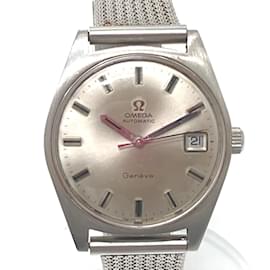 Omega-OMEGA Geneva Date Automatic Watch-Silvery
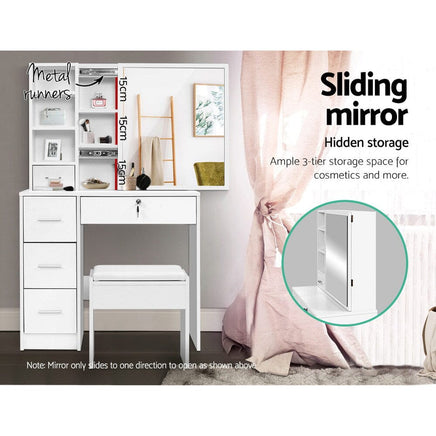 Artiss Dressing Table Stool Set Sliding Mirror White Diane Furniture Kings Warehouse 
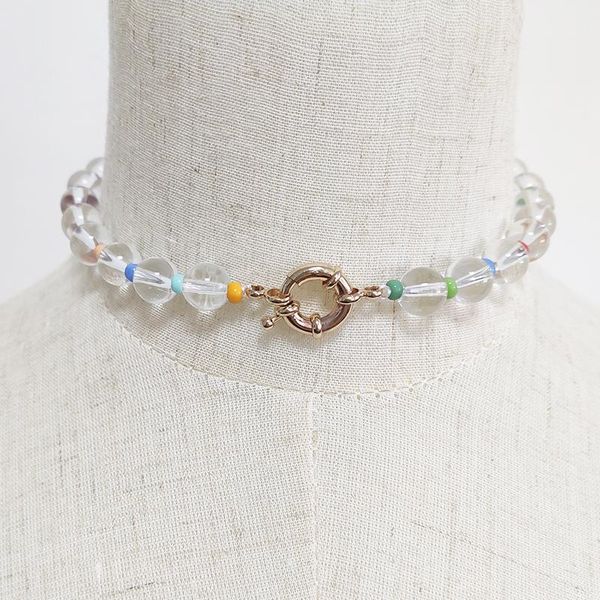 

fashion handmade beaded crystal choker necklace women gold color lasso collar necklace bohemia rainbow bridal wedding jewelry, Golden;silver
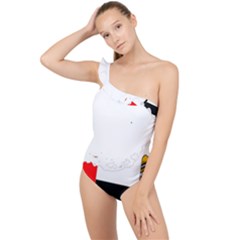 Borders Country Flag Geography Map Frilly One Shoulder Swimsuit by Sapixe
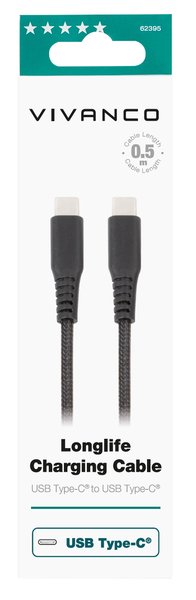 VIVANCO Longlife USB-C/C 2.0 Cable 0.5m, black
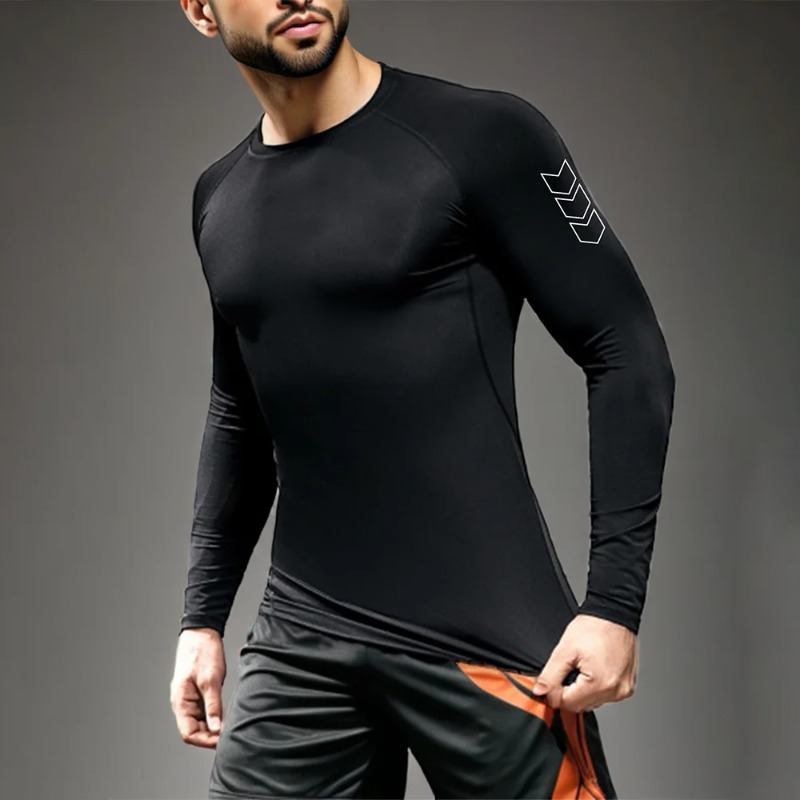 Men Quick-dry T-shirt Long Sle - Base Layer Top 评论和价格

**Task statement:** Your task is to retype the lines running from the one that contains "Borders Country Flag" through the end of the records, and nothing else. Pictures are not part of the copy.

**Completed task:**
 Borders Country Flag Geography Map Frilly One Shoulder Swimsuit by Sapixe
 VIVANCO Longlife USB-C/C 2.0 Cable 0.5m, black
 Men Quick-dry T-shirt Long Sle - Base Layer Top 评论和价格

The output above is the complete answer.